Usually people covered by employer do not buy personal health insurance. But with one big hospitalization of an insured family member, the other family members are left high and dry. Also the corporate cover would not take care of your expenses if you leave the job or in case of unfortunate loss of job. For the self employed people with irregular cash flows, hospitalization would put pressure on the finances.

So it is always better to buy health insurance even if you are covered by the employer. One can buy an individual cover or a family floater depending on the family size and age. The extent of cover should depend on the city you live in. So someone staying in a metro city should opt for a higher cover than someone staying in a tier 2 city. The more evolved investors might also want to look at critical illness cover which would cover expenses related to cancer treatments, kidney failure, paralysis etc.

2) Personal accident insurance: This is popular among the vehicle owners. This is usually bought along with the motor insurance as a comprehensive package. But should it be restricted to the vehicle owners? I believe it is as important as life & health insurance. While the term insurance pays your dependents on your death, the health insurance pays for your hospitalization. But what if your meet with an accident and are rendered jobless due to loss of a limb? The term insurance would not pay you as you are alive. The health insurance would have paid for your hospital stay and up to 60 days after being discharged.

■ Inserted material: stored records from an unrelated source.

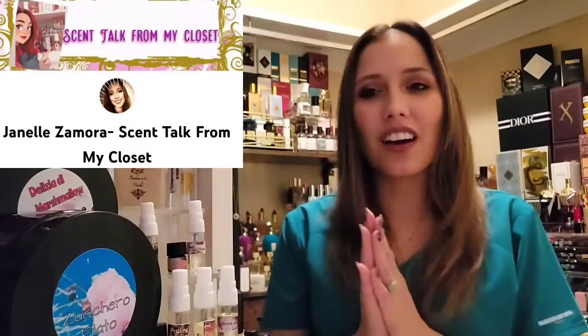Hi, welcome back to my channel. My name is Janelle Samora and this is Scent Talk from the Fragrance Closet. On this channel we go over all things fragrance — we cover niche perfume houses, layering combos, dupes and clones of original fragrances, and indie perfume brands. If that's something you're interested in, go ahead and continue watching, consider hitting that subscription button and the bell so you'll be notified of new videos.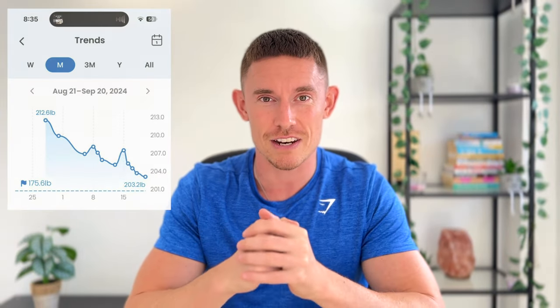My client just sent me this screenshot. He's lost 10 pounds in just 30 days, all while raising 3 kids and running a business. Today I'm going to walk you through the 4-step plan that I gave him so that you can copy it and do the same.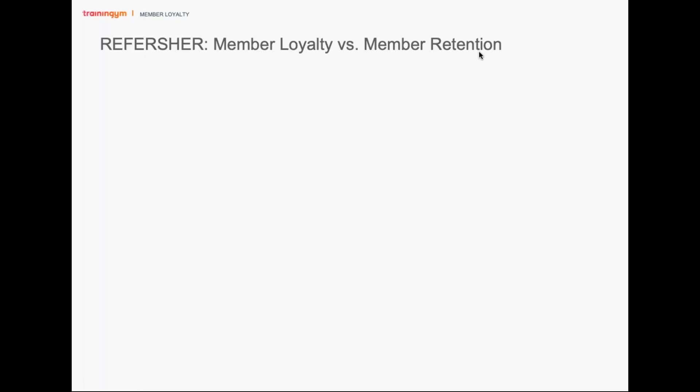Thank you, Caitlin. We're really excited about what EZ Facility and Training Gym are doing together with our partnership. Part of member loyalty or member retention is creating a positive experience for your members. And if you're already using EZ Facility, you're already facilitating their sign-up, their payment, their experience — and that's your first step in creating member loyalty.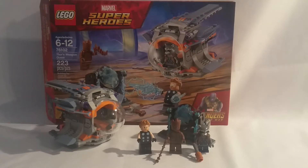Hey everyone, Hunter here at ForeverLegoStudios. Welcome to another LEGO Infinity War review. In today's review, we have Thor's Weapon Quest. This is the second smallest set in the wave of six sets. It retails for $20, ages 6 to 12, number is 76102, and has 223 pieces.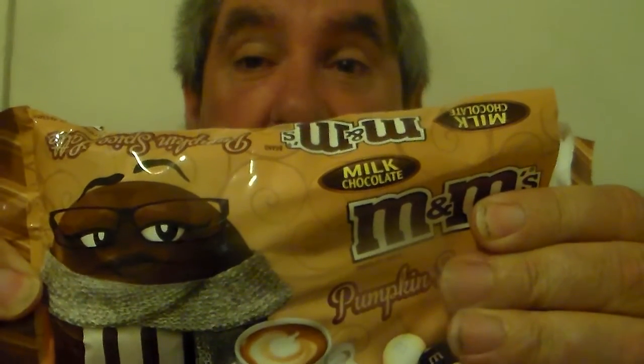I found it at our local Target — even found a pumpkin display there. So if you've got a Target around, go check them out, you'll find it there.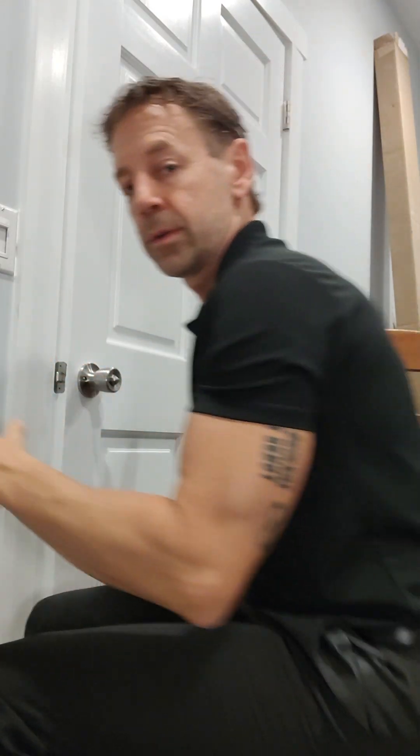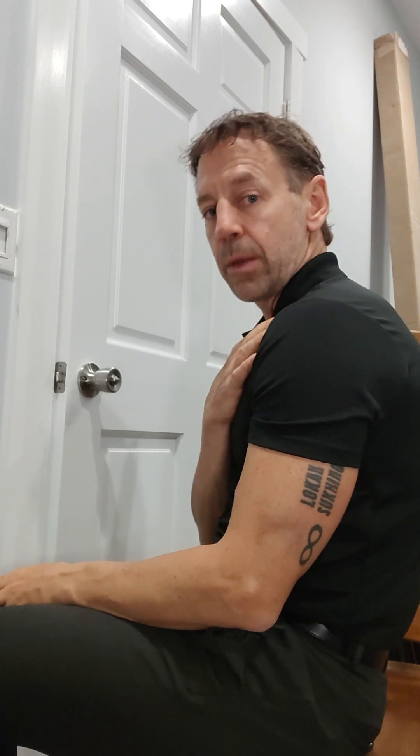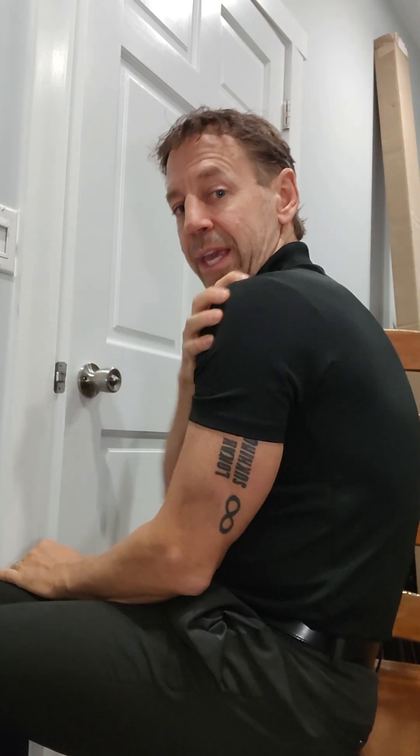Obviously when we sit on the computer all day, our shoulders slump forward like this. That causes a rounding or shortening of the pectoral muscles, whether we're on a computer or we're driving. The shoulders tend to roll forward. We get very tight through here and through here. Then we go home, we watch TV and we slump in the couch and everything kind of slumps forward.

Who would compensate you for the loss of income in this case?

A personal accident policy takes care of you in this situation. It pays for accidental death, permanent total disablement, permanent partial disablement, temporary total disablement, broken bones. The accident does not necessarily mean being hit by car or a bike. You can claim even if you trip down the stairs, fall off from the bicycle etc.

The good part is the premium is not linked to your age; rather it is a function of your occupation. The premium for personal accident cover of 10 lakhs for a person with administrative type of job is well below Rs.1000 per annum. With low yearly premiums this cover is a must-have even if you do not have financial dependents.

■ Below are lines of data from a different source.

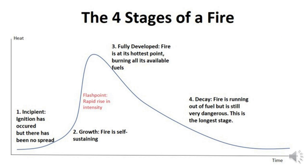The incipient stage is where ignition has occurred but there has been no spread. In the growth stage, fire is self-sustaining. After a rapid rise in heat to flashpoint, the fully developed stage occurs — fire is at its hottest point, burning all available fuels in its vicinity. The final stage is the decay stage, where the fire is running out of fuel but is still very dangerous; this is the longest stage.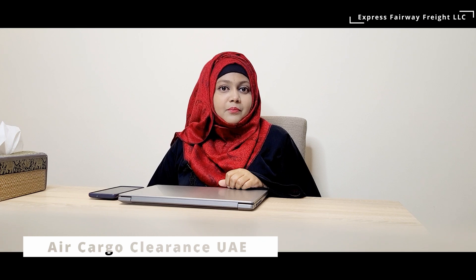Hello and welcome to the channel. This is Shaista from Express Fairway Freight LLC. My today's topic is regarding air cargo clearance. I will brief you on how you can import an air shipment and what are the requirements for that.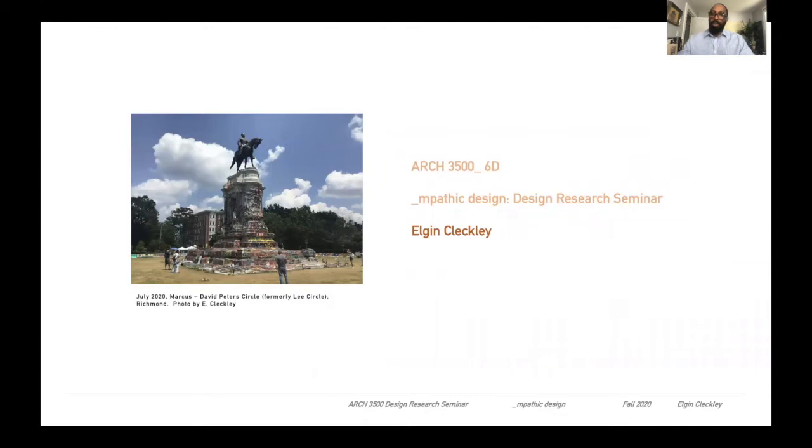Hi, I'm Elgin Cleckley, Assistant Professor of Architecture and Design Thinking, and I'm happy to share more on ARC 3560 Empathic Design and Design Research Seminar.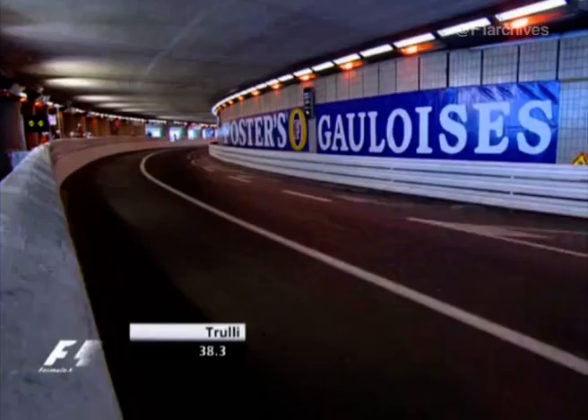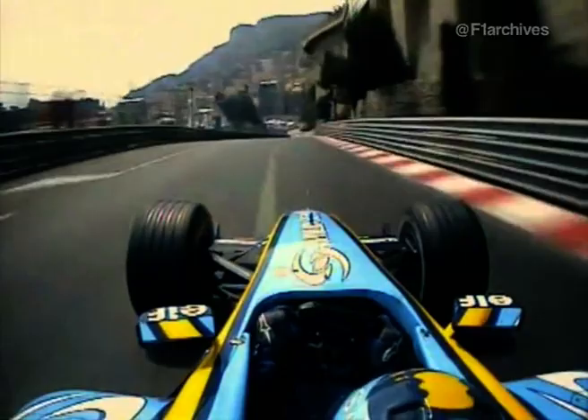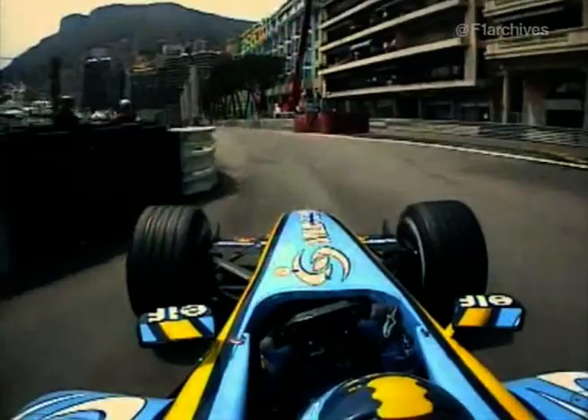Heading down towards the seafront. Through the tunnel he goes — it's bumpy in the braking zone. Look how closely he skims the barriers on the way in and on the way out. He's really on it now. He said: I'm taking risks for this lap. Just watch him through the swimming pool — listen to the throttle. Didn't even lift. Changed gear there in the middle of it. Incredible.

3) Home Insurance: This is usually sold along with the home loan. The home loan lender insures the mortgaged asset (your home) from fire and natural calamities. What if the home loan is cleared? What if you are staying in a rented accommodation? Should not you insure your home and/or its contents? The answer is a plain ‘Yes’.

A home insurance covers the structure and its contents from fire and natural calamities. If only the structure is covered, the insurer will pay for the cost of reconstruction. If the contents (domestic appliances, furniture etc) are covered, the insurer will pay for those too. You can also choose to cover your home from burglary too. It is always better to opt for ‘reinstatement’ type of cover instead of ‘depreciated cost’ type of cover.

With the portfolio of Indian investors being heavily tilted towards real estate, one major calamity can pose serious threat to the savings. So it is prudent to insure your home and its contents. If you are staying in a rented accommodation at least insure the contents. Do not wait for the next floods, landslides, earthquake to wake up to an uninsured home.

Finally insurance is a subject matter of solicitation. An insurance product is not a packaged item like soap. It can be suited to the requirements of the buyer. So the obligation of understanding the terms and conditions of the insurance policy lies with the buyer i.e. you.

So these are the basic insurance requirements before you begin the investment planning process.